The Supreme Court of the United States announced a decision in one case today:
M&G Polymers USA, LLC v. Tackett, No. 13-975: Respondent retirees, through their union, had entered into a collective bargaining agreement and Pension, Insurance, and Service Award Agreement (P&I Agreement) in 2000 with petitioner M&G Polymers USA, LLC. That P&I Agreement provided that certain retirees would “receive a full Company contribution towards the cost of [health care] benefits,” which would be provided “for the duration of [the] Agreement,” and that the agreement would be subject to renegotiation in three years. When the agreements expired and M&G required retirees to contribute to the cost of their health care benefits, respondent retirees sued, alleging that the P&I Agreement created a vested right to lifetime contribution-free health care benefits. The District Court dismissed the complaint, but the Sixth Circuit reversed, relying upon its past conclusion in a 1983 case that retiree health care benefits are unlikely to be left up to future negotiations. Today, the Court vacated that decision, holding that the Sixth Circuit’s reasoning was incompatible with ordinary principles of contract law.
The Court's decision is available here.
On Friday, January 23, the Court granted review in the following cases:
OBB Personenverkehr AG v. Sachs, No. 13-1067: The commercial activity exception of the Foreign Sovereign Immunities Act provides an exception to a foreign state’s sovereign immunity from suit when the claims are “based upon a commercial activity carried on in the United States by the foreign state.” 28 U.S.C. §1605(a)(2). The Court granted certiorari on the following questions: (1) Whether, for purposes of determining when an entity is an “agent” of a “foreign state” under the first clause of the commercial activity exception of the FSIA, the express definition of “agency” in the FSIA, the factors set forth in First National City Bank v. Banco para el Comercio Exterior de Cuba (Bancec), 462 U.S. 611 (1983), or common law principles of agency, control. (2) Whether, under the first clause of the commercial activity exception of the FSIA, a tort claim for personal injuries suffered in connection with travel outside of the United States is "based upon" the allegedly tortious conduct occurring outside of the United States or the preceding sale of the ticket in the United States for the travel entirely outside the United States.
Dorsey & Whitney LLP, and its attorneys Juan C. Basombrio, Steven J. Wells, and Timothy J. Droske, represent Petitioner OBB Personenverkehr AG in this matter.

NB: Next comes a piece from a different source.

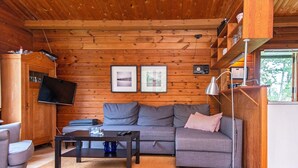 A cozy cabin interior with a sofa, a coffee table, a TV, and a bookshelf. - 6 Person Holiday Home in Henne (Henne)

Glossip v. Gross, No. 14-7955: (1) Is it constitutionally permissible for a state to carry out an execution using a three-drug protocol where (a) there is a well-established scientific consensus that the first drug has no pain relieving properties and cannot reliably produce deep, coma-like unconsciousness, and (b) it is undisputed that there is a substantial, constitutionally unacceptable risk of pain and suffering from the administration of the second and third drugs when a prisoner is conscious? (2) Does the Baze-plurality stay standard, whereby a stay of execution challenging a lethal-injection protocol will not be granted absent a showing of a “demonstrated risk of severe pain” that was “substantial when compared to the known and available alternatives,” apply when states are not using a protocol substantially similar to the one that this Court considered in Baze? (3) Must a prisoner establish the availability of an alternative drug formula even if the state’s lethal-injection protocol, as properly administered, will violate the Eighth Amendment?